Machine Learning Using H20, R and MinIO

Machine Learning Using H20, R and MinIO

I’ve been working with neural networks and machine learning since the late ‘80. Yes, I’m that old. The first product I bought was California Scientific Software BrainMaker Professional. I loved that product because it got me started with neural networks. I still have it:

It was a 3 layer neural network product that came with source code in C to execute the models that it trained. I bought it for the source code. Little did I know the code was full of bugs, and it didn’t include code for training models. Knowing C, I went about adding the ability to train models based on the mathematical texts available at the time. I also made it into a DCE RPC server with threading and distributed execution across nodes. When I would describe to people what I was working on and I explained convergence using gradient descent they looked at me like I had two heads. We’ve come a long way in machine learning. Now ML platforms are available in the grocery store. Well, not quite, but you get the idea.

So many AI/ML platforms to choose from. Personally I like H2O. I find it fast, easy to manage and use, and very complete with the capabilities it offers.

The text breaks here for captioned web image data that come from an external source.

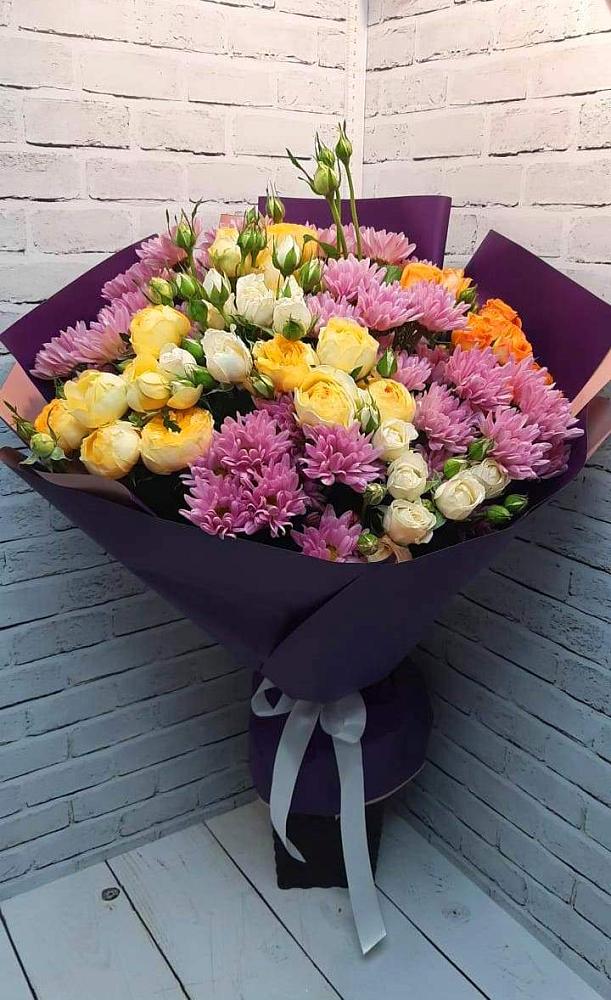 Букет цветов из: Хризантемы и Розы в Красном Куте
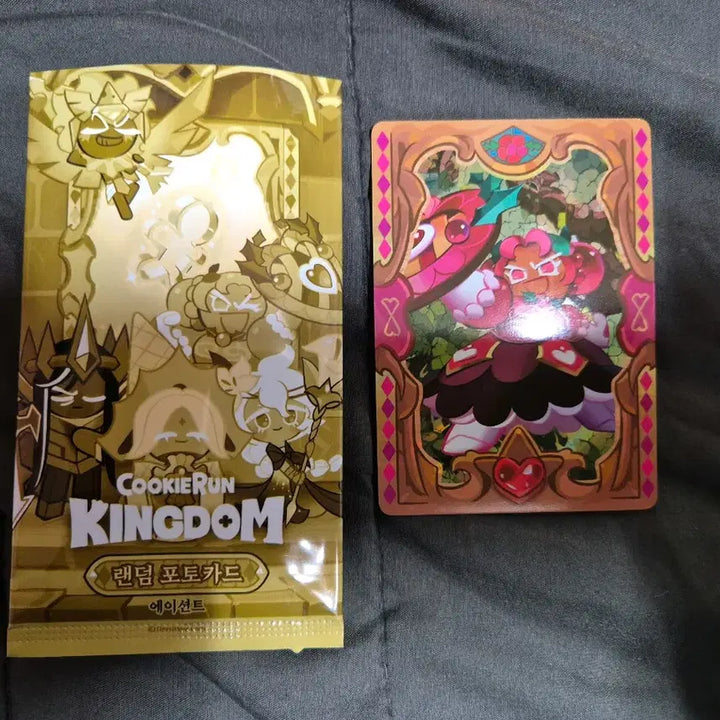 [BUNJANG] Cookie Run Kingdom 5th Anniversary Hollyberry Photocard / 쿠키런킹덤 5주년기념 홀리베리 포토카드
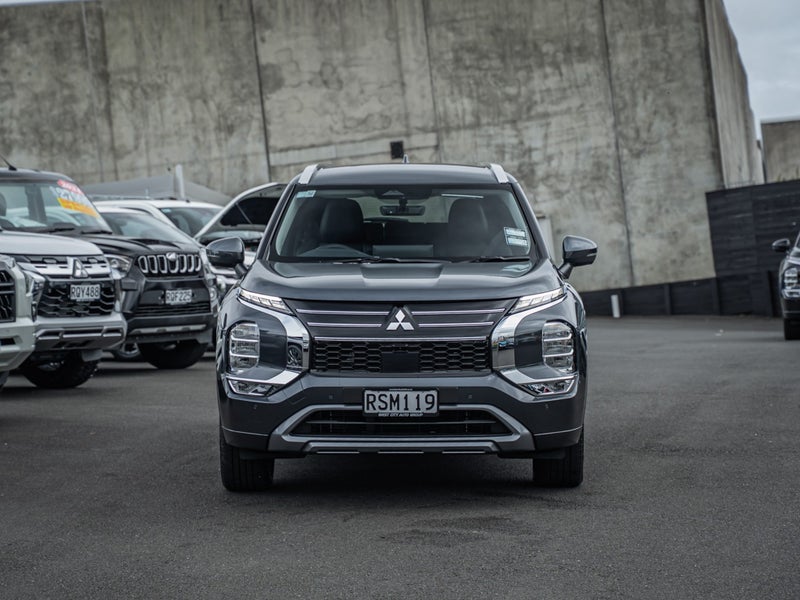 2026 Mitsubishi Outlander Xls Phev/4Wd/At image 3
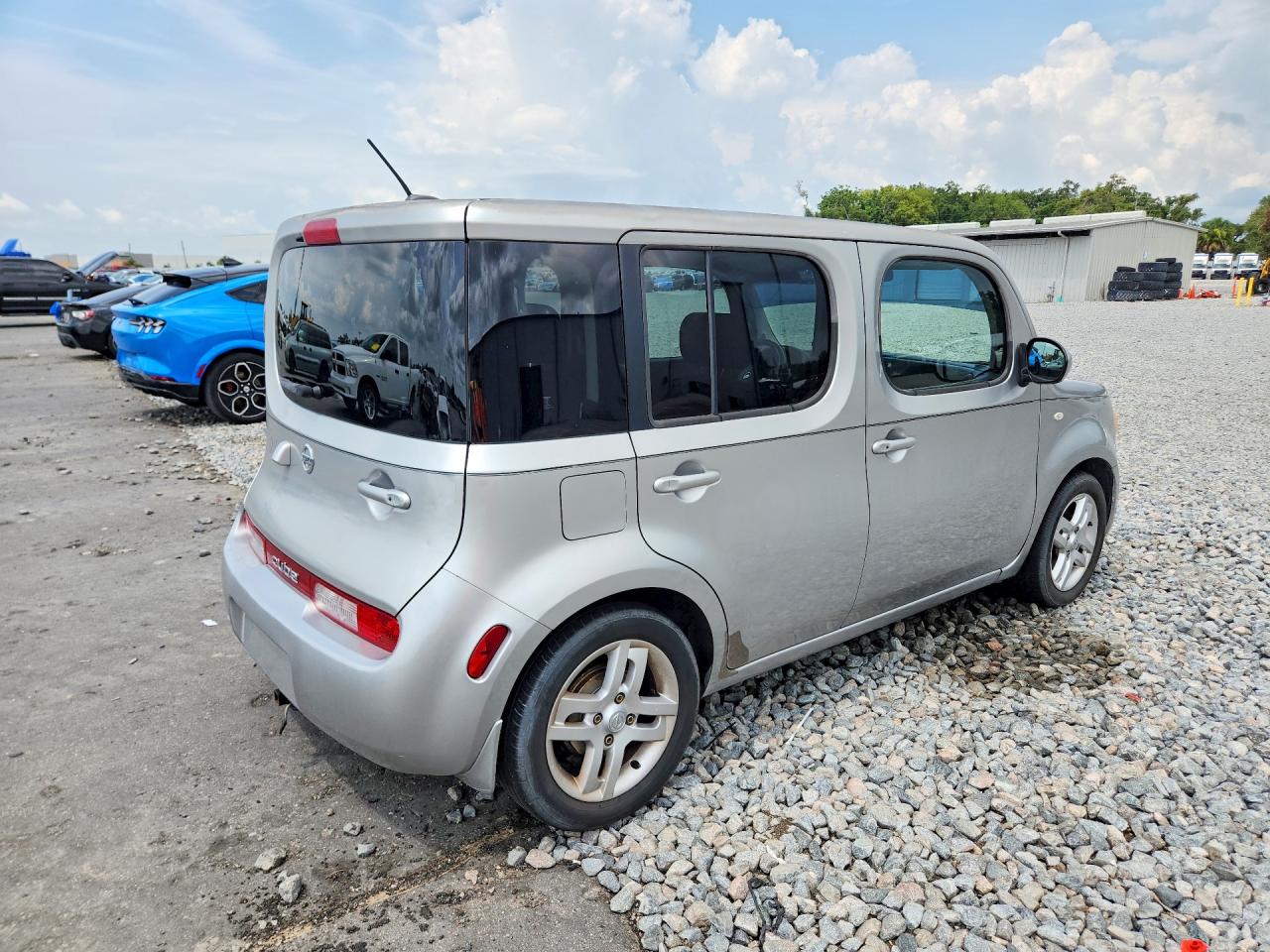 2010 NISSAN CUBE 1.8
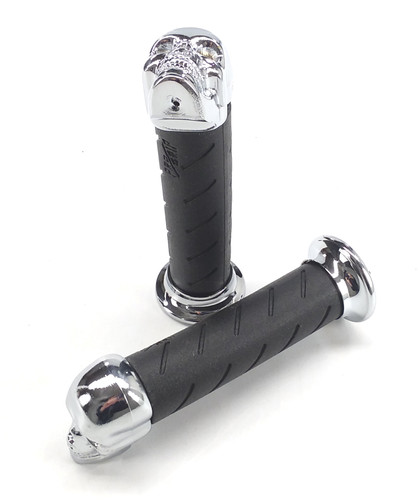 Pro Grip Skull Cruiser Black/Chrome Grips for 7/8" Handlebars (PA0862CRSK02)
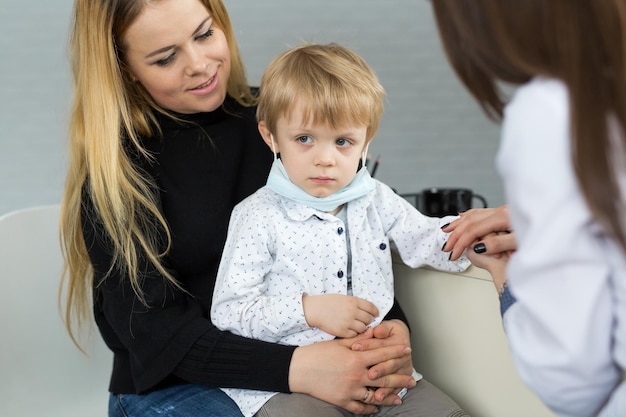 niño, en, medicina, asistencia sanitaria, máscara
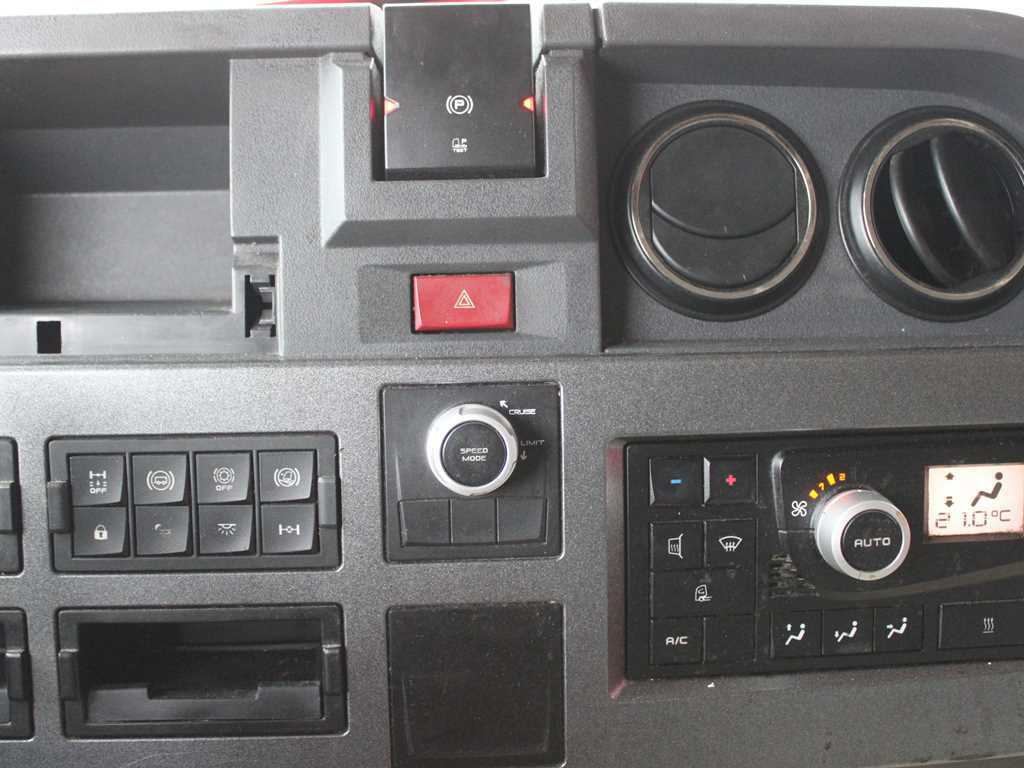 Tegljač Renault T 460, EURO 6, LOWDECK, AIR SUSPENSION: slika 12 Tegljač Renault T 460, EURO 6, LOWDECK, AIR SUSPENSION: slika 12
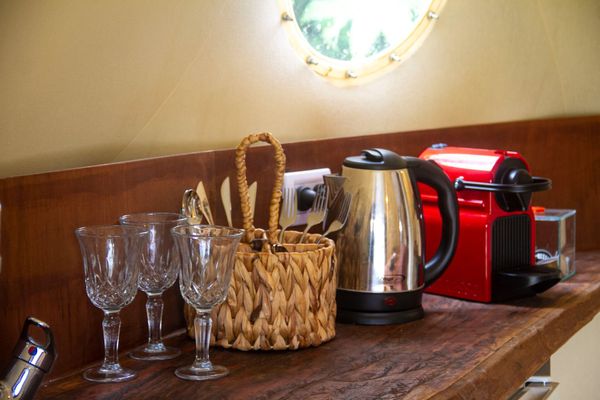 DOMO ALLPA CON PROYECTOR Y PANTALLA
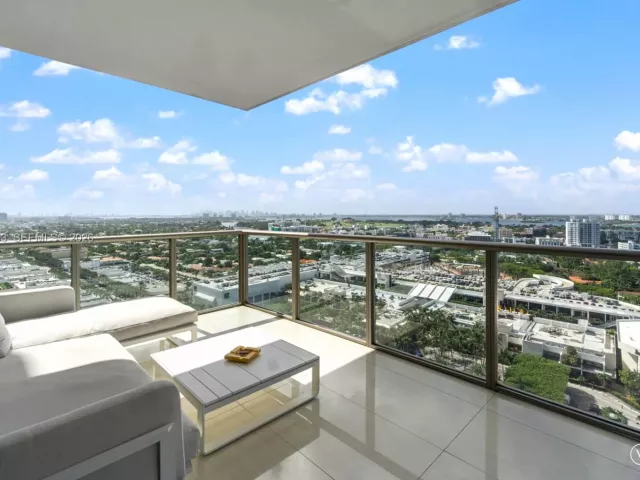 2-bedroom condo for sale in Bal Harbour - 9705 Collins Ave 1905N - MondialRealty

I also like working in R. I find R to be the most intuitive for me when I work with data and Machine Learning. Combining these two with MinIO Object Storage and it creates a very powerful platform for data scientists.

If you are not familiar with H2O here is a summary (from the website):

Open Source, Distributed Machine Learning for Everyone. H2O is a fully open source, distributed in-memory machine learning platform with linear scalability. H2O supports the most widely used statistical & machine learning algorithms including gradient boosted machines, generalized linear models, deep learning and more. H2O also has an industry leading AutoML functionality that automatically runs through all the algorithms and their hyperparameters to produce a leaderboard of the best models. The H2O platform is used by over 18,000 organizations globally and is extremely popular in both the R & Python communities.

If you are not familiar with R (from Wikipedia):

R is a programming language for statistical computing and graphics supported by the R Core Team and the R Foundation for Statistical Computing. Created by statisticians Ross Ihaka and Robert Gentleman, R is used among data miners and statisticians for data analysis and developing statistical software. Users have created packages to augment the functions of the R language.”

I find R to be the most intuitive for me when I am working with data, data analysis, and machine learning.

If you are not familiar with MinIO it is a 100% compatible drop in replacement for Amazon S3: https://min.io

In this article I’m going to setup H2O, R, and MinIO to train models using the H2O AutoML capability. The R language has a companion IDE called RStudio, which I will use for this development: https://www.rstudio.com/. If you want to follow along please install R and RStudio, and have access to an H2O cluster.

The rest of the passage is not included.